Source information:

== Segment start ==

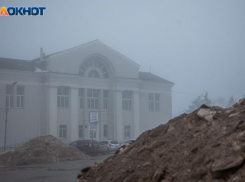 Жителей Волжского эвакуируют в бункеры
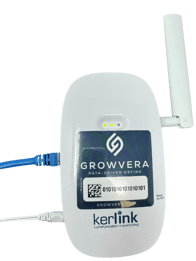 Growvera Gateway Ethernet-png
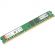 Модуль памяти Kingston DDR3 8GB 1600MHz (KVR16LN11/8WP) 1.35V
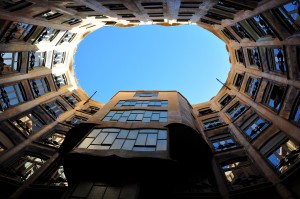 vacances 200 (Large)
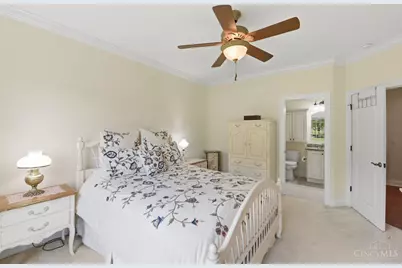 9287 Geromes Way, Symmes Township, OH 45140 - Photo 39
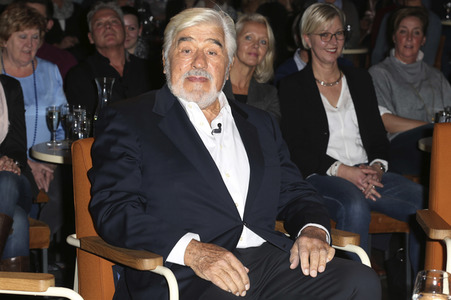 Talkshow '3nach9' in Bremen
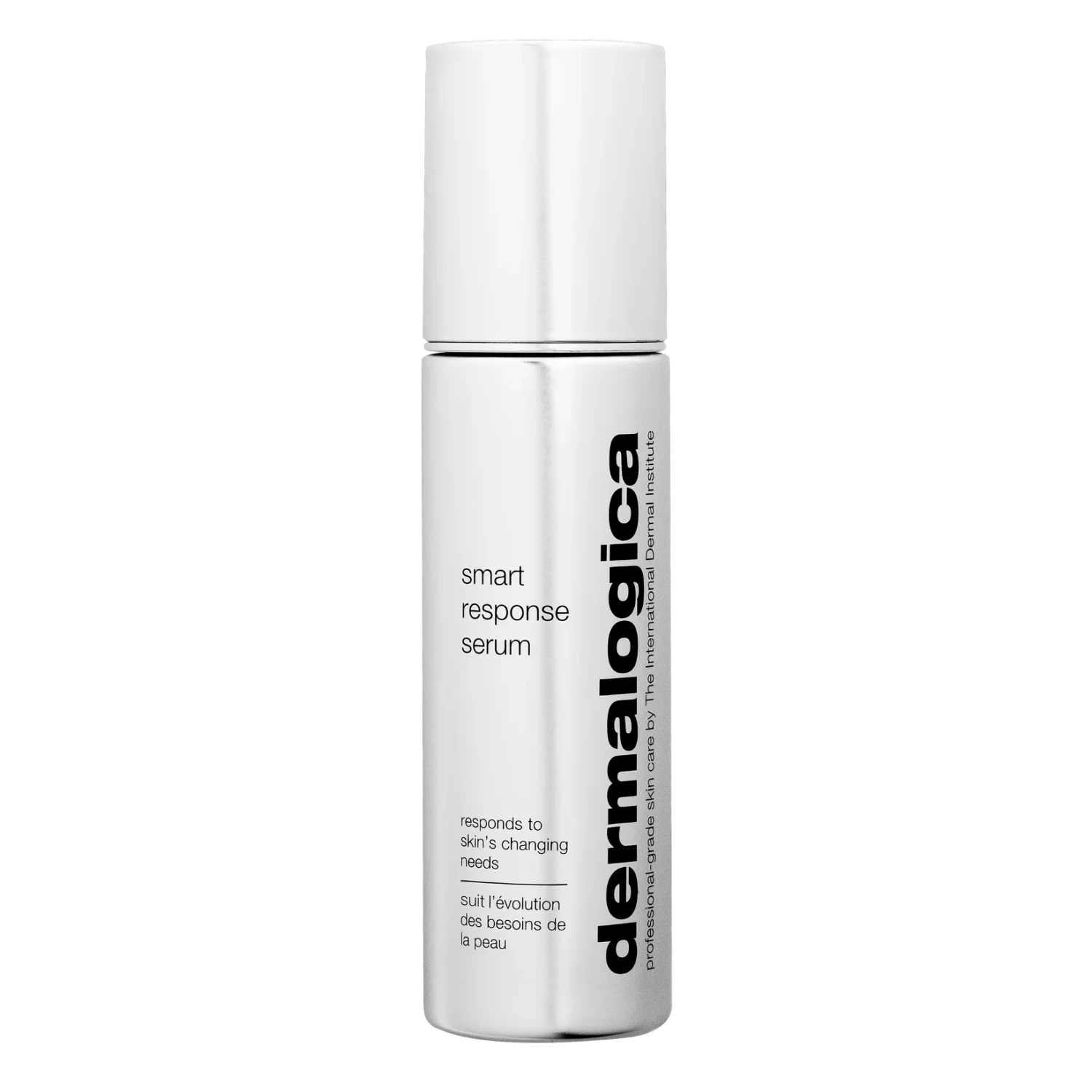 Dermalogica Smart Response Serum 8 Dermalogica Smart Response Serum - Image 6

== Segment end ==

Activity:
Each line above is to be transcribed exactly, though its pictures are not.

Answer for the task:
 Жителей Волжского эвакуируют в бункеры
 Growvera Gateway Ethernet-png
 Модуль памяти Kingston DDR3 8GB 1600MHz (KVR16LN11/8WP) 1.35V
 vacances 200 (Large)
 9287 Geromes Way, Symmes Township, OH 45140 - Photo 39
 Talkshow '3nach9' in Bremen
 Dermalogica Smart Response Serum 8 Dermalogica Smart Response Serum - Image 6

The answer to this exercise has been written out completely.